● **YOUR OBJECTIVE**
Print each line below verbatim, skipping every picture.

INFORMATION PROVIDED START

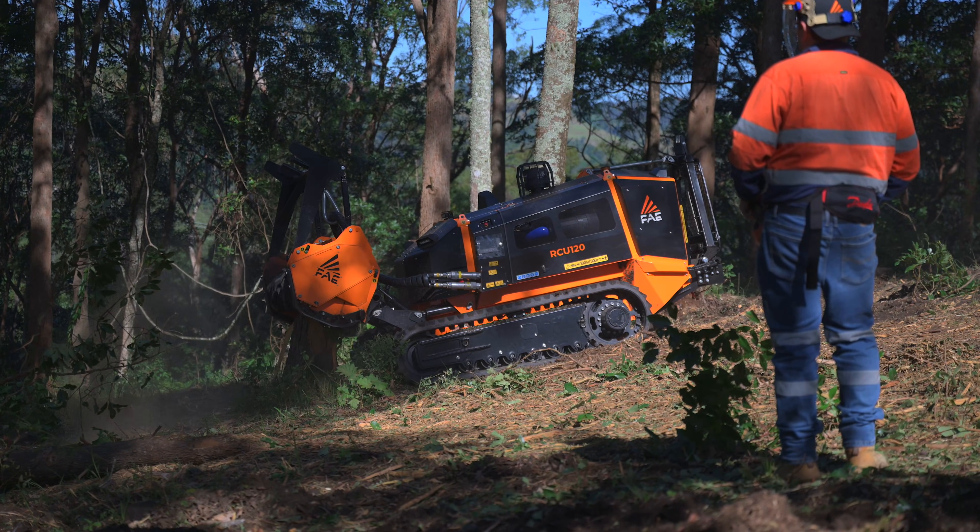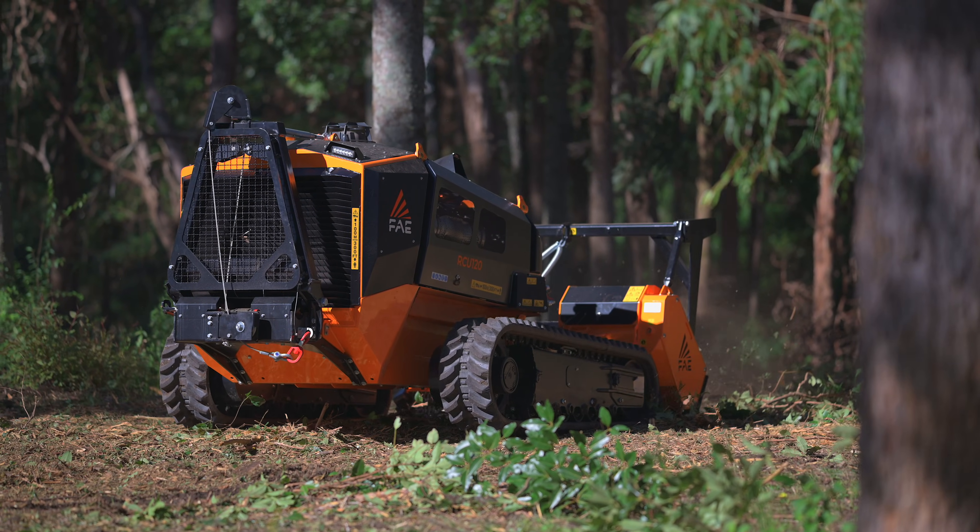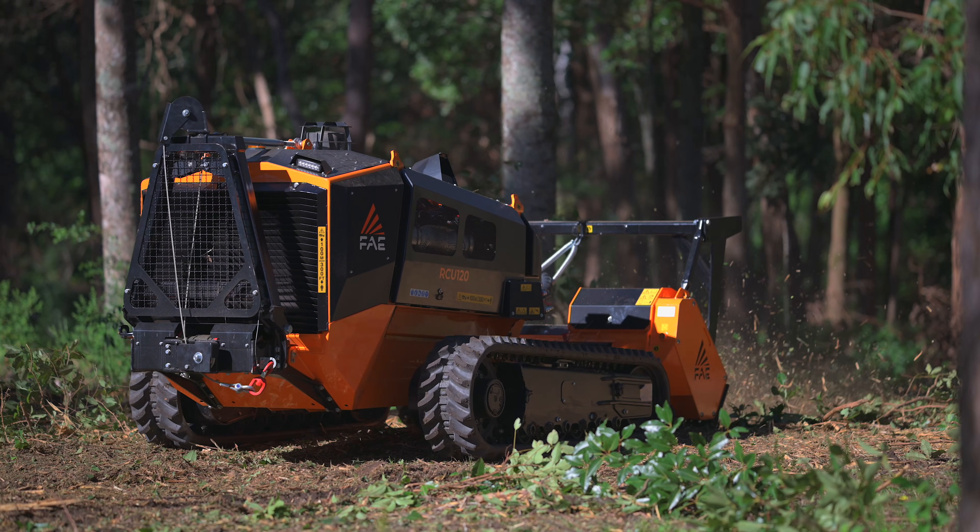It comes standard with a BL4 Sonic, which is an absolute game changer. This machine is so powerful at ploughing through trees, as you've just seen — unbelievable.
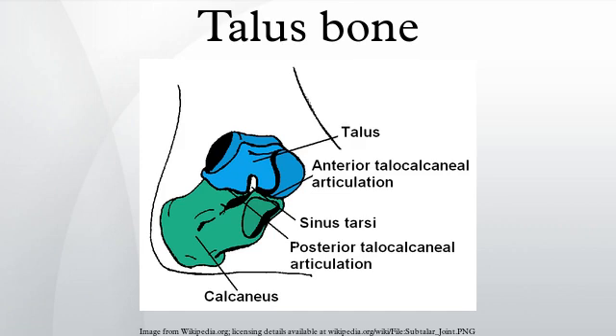The talus bone, also called the astragallus or ankle bone, is a bone in the collection of bones in the foot called the tarsus. The tarsus forms the lower part of the ankle joint through its articulations with the lateral and medial malluli of the two bones of the lower leg, the tibia and fibula. Within the tarsus, it articulates with the calcaneus below and the navicular in front within the talocalcaneal navicular joint. Through these articulations, it transmits the entire weight of the body to the foot.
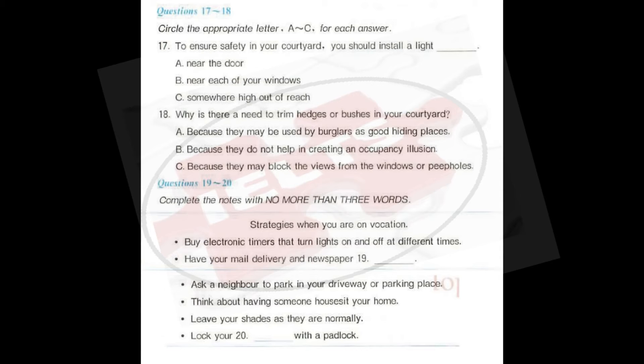When you are on vacation, create the occupancy illusion. Maybe you laughed at your mother for leaving the lights on and the radio playing while she left for vacation, but she had the right idea. Those steps aren't quite enough, so try these strategies. Buy electronic timers that turn lights on and off at different times. Hook up a timer to your TV for a few hours each evening. Turn up the volume too — not enough to annoy the neighbours, just enough that a lurker at the windowsill couldn't miss hearing it. Have your newspaper and mail delivery suspended. If you don't have time to do this, ask a neighbour to pick them up for you.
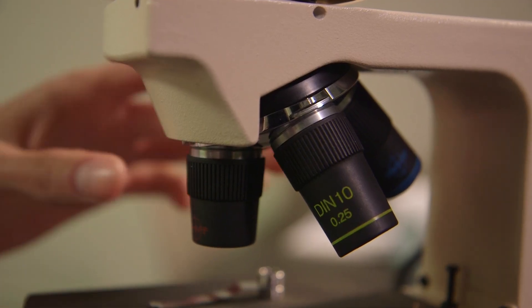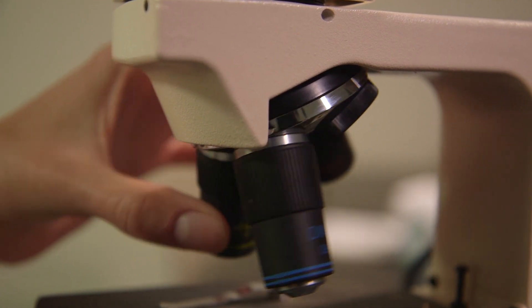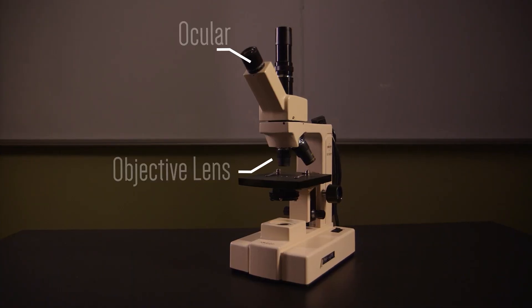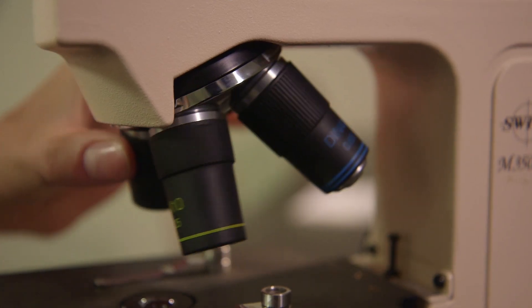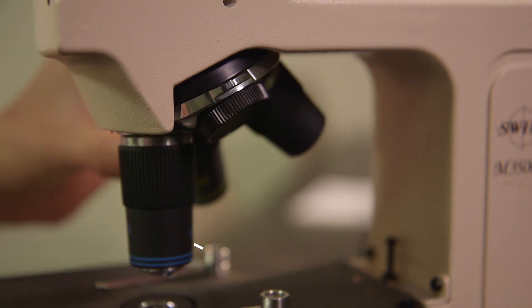There are three objective lenses attached to the revolving nosepiece. As the nosepiece is rotated, you can hear the objectives click into place. This is why the microscope is a compound microscope. The total magnification is the product of the ocular and the objective lens that is in exact alignment. The magnification of each objective is shown on the side of the lens. The longest one is the high power objective.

INFORMATION PROVIDED END

● **RESULT**
It comes standard with a BL4 Sonic, which is an absolute game changer. This machine is so powerful at ploughing through trees, as you've just seen — unbelievable.
The talus bone, also called the astragallus or ankle bone, is a bone in the collection of bones in the foot called the tarsus. The tarsus forms the lower part of the ankle joint through its articulations with the lateral and medial malluli of the two bones of the lower leg, the tibia and fibula. Within the tarsus, it articulates with the calcaneus below and the navicular in front within the talocalcaneal navicular joint. Through these articulations, it transmits the entire weight of the body to the foot.
When you are on vacation, create the occupancy illusion. Maybe you laughed at your mother for leaving the lights on and the radio playing while she left for vacation, but she had the right idea. Those steps aren't quite enough, so try these strategies. Buy electronic timers that turn lights on and off at different times. Hook up a timer to your TV for a few hours each evening. Turn up the volume too — not enough to annoy the neighbours, just enough that a lurker at the windowsill couldn't miss hearing it. Have your newspaper and mail delivery suspended. If you don't have time to do this, ask a neighbour to pick them up for you.
There are three objective lenses attached to the revolving nosepiece. As the nosepiece is rotated, you can hear the objectives click into place. This is why the microscope is a compound microscope. The total magnification is the product of the ocular and the objective lens that is in exact alignment. The magnification of each objective is shown on the side of the lens. The longest one is the high power objective.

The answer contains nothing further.